David Baker ’04
Upper School History Department Chair
What constitutes academic success? Many of us make the mistake of defining academic success as perfection. Considering this view, a test, essay or project isn’t a success unless it’s flawless and earns an A or A+. As a result of this mindset and message, students are likely to obsess about their work, to spend hours making endless revisions on a paper, or cram every particle of information into their heads for a test.
This frantic quest for perfection often leads students to ask teachers for extensions of deadlines or postponements of assessments. Such requests are often accompanied by statements such as, “I just need more time to make this paper better!” or “If I had just one more night to study, I know I’ll ace the test!”
• The Value of Making Mistakes
By pursuing this false god of perfectionism, students are seeking to avoid an essential component of the educational process – making mistakes. Deep and essential learning often takes place when a student gets an answer wrong and discovers why it’s wrong, or when a student responds to a teacher’s suggestions for improving an essay. Goals are achieved during the process of learning, not by turning in the final product.
Not getting it right the first time is OK. This provides the opportunity for constructive feedback, productive adjustments, and for thoughtful revision. Just by doing the work and trying, a student is already succeeding.
But when students seek perfection, they’re trying to avoid the mistakes they actually need to make to understand the material and, more importantly, themselves. Fear of being imperfect can also erode a young person’s willingness to try new activities and experiences. A runner, who focuses solely on training only for the 200-meter dash, for instance, is missing out on the success and enjoyment to be savored by trying the 400-meter or the high jump. Those additional events can help with the 200-meter training and can lead to new growth as an athlete and competitor, even if the times and heights aren’t as competitive.
• Doing, Not Delaying
As high school students have already discovered, there are no extensions in the real world. Before firing the gun at a track meet, the starter doesn’t pause and ask the runners “Does anyone need more time to prepare for this race?” A barber doesn’t keep customers when he turns people away because he’s still perfecting his craft. An attorney doesn’t help a client if she misses the trial because she still needs more time to prepare. And future professors, bosses, or colleagues won’t say, “That’s OK; just turn it in tomorrow” when deadlines are missed.

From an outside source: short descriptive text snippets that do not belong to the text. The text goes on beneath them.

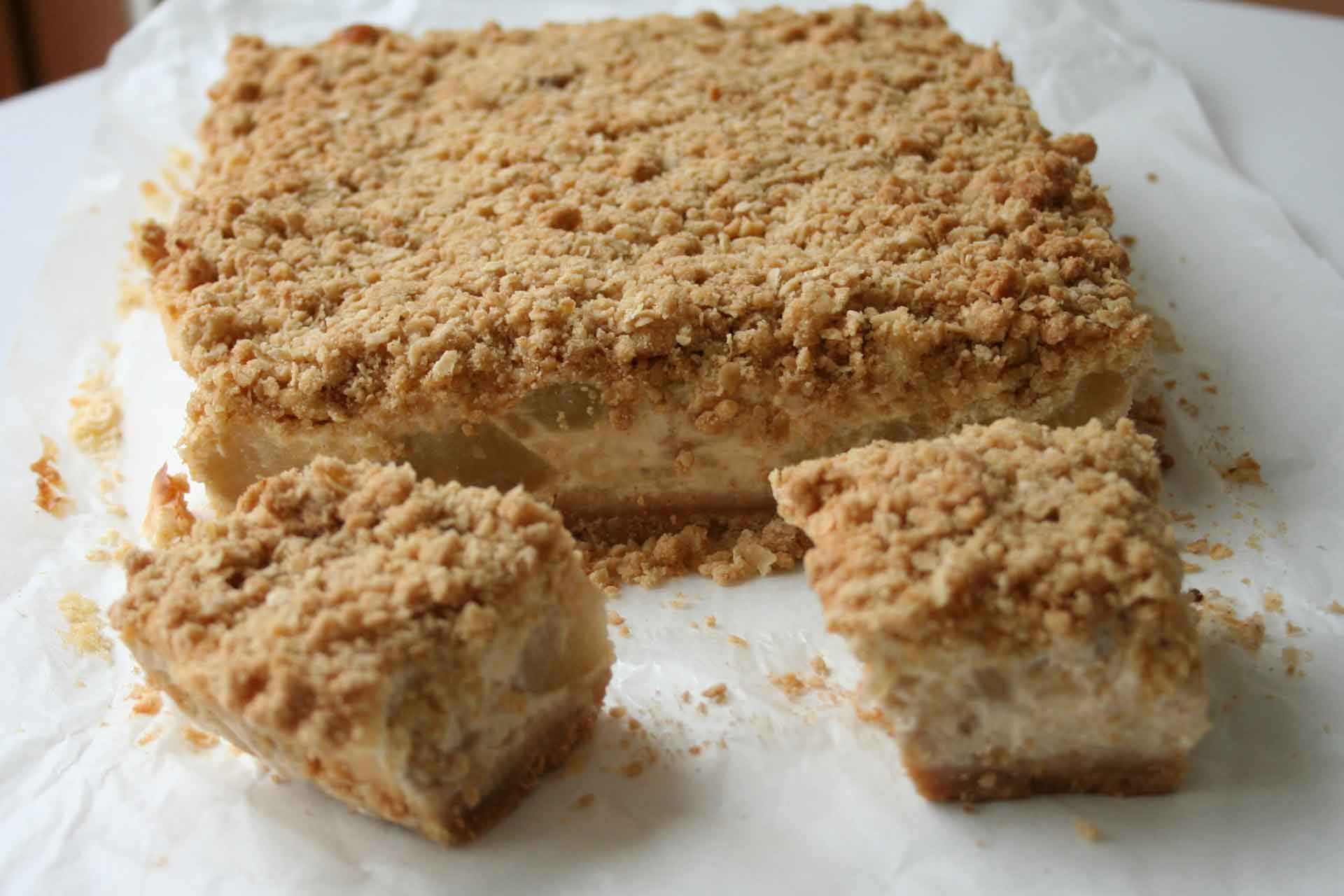 apple-crumble-cheesecake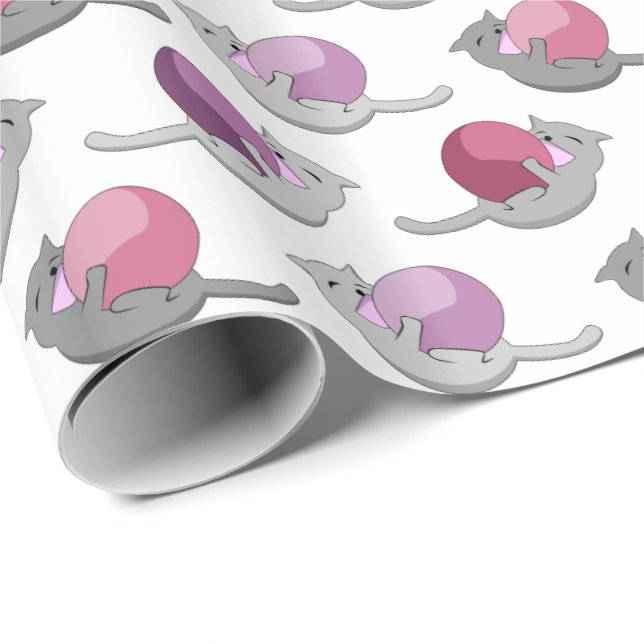 Happy Cute Cats Playing with Balls Presentpapper (Rullad Hörn)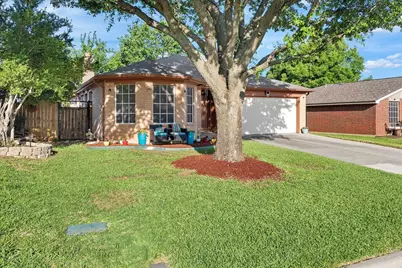 520 Hollyberry Drive, Mansfield, TX 76063 - Photo 19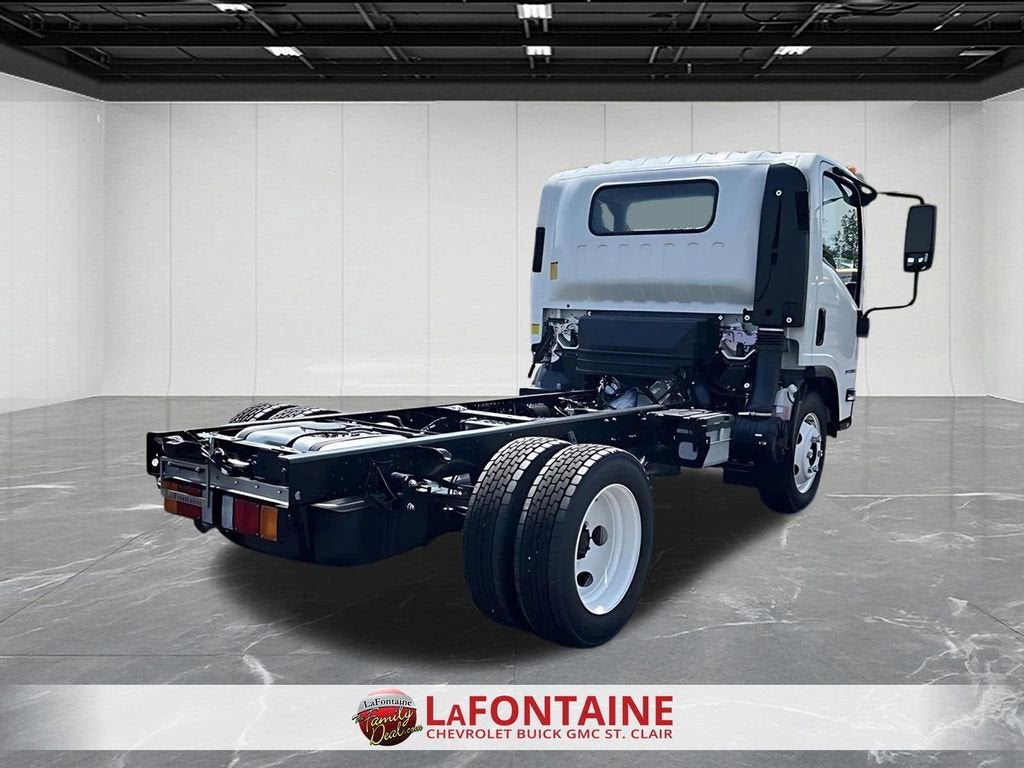 2024 Chevrolet Low Cab Forward 4500 HG Base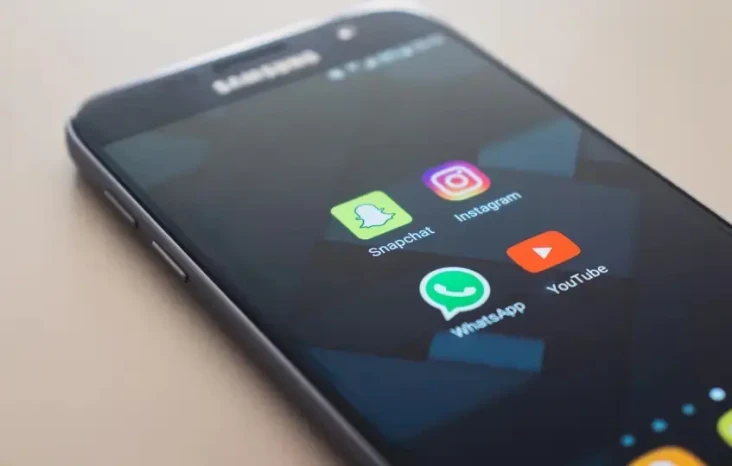 Awas, YouTube dan WhatsApp...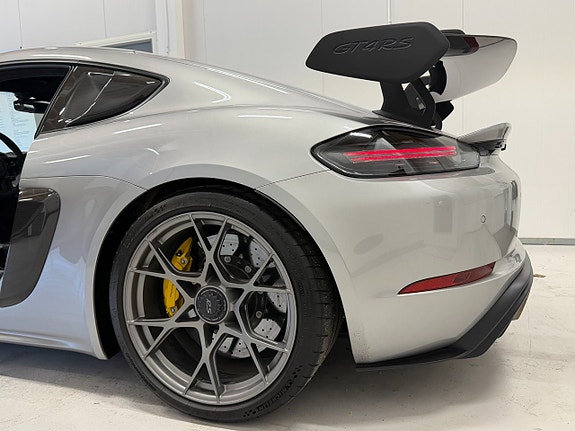 Porsche 718 15 of 30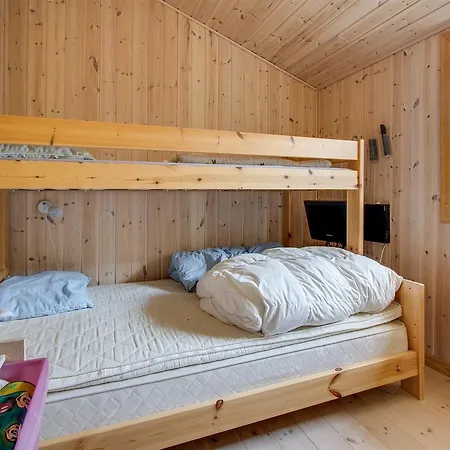 Three-bedroom Holiday In * Hals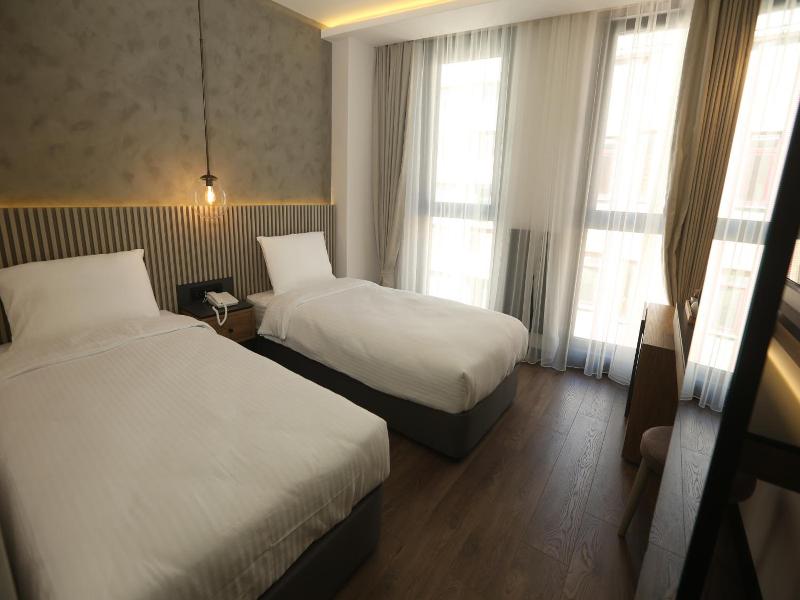 Moja City Hotel image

Thus, a key responsibility of educators is to prepare students by establishing high standards, not only for the quality of academic work but for its timely and consistent completion. Students learn most effectively when expectations are high and they’ve done their best work in the time allotted to do it. Doing so helps students become more resilient and more independent as lifelong learners and as soon-to-be adults in a demanding world.
• To Delay Is To Stress
Ironically, the stress generated by continually asking for exemptions from deadlines can actually lead to lower rather than higher grades. This desperate scramble produces even more stress in students because now, rather than completing the work and being done with it, they must agonize over the assignment for an even longer period. This takes time away from their work in other classes, leading to even more academic panic. It’s better to do the work than to delay it.
• A Healthy Balance
Adolescents today are pulled in many different directions. This requires them to learn how to plan and organize their time, balance the simultaneous and competing responsibilities of academic, athletic, extracurricular, and personal activities, and make difficult but necessary decisions about priorities, preferences, and passions.
In my experience, students actually do better academically when they’re actively and authentically involved in a variety of activities outside the classroom. That’s because the organizational skills and resilience they’ve developed to handle competing tasks bring discipline to their studies as well. Moreover, participating in sports, performance groups, publications, and clubs provides an invigorating break that enables students to return to the classroom refreshed and re-energized.
• True Academic Success
A complete and effective education means, not only absorbing information and mastering concepts, but also developing the self-discipline, resilience, and resourcefulness to meet the challenges and tasks of learning: to complete essays, homework and assessments on time, to do one’s best work under existing constraints, and to forsake perfect grades for true learning and a happier, less stressful life.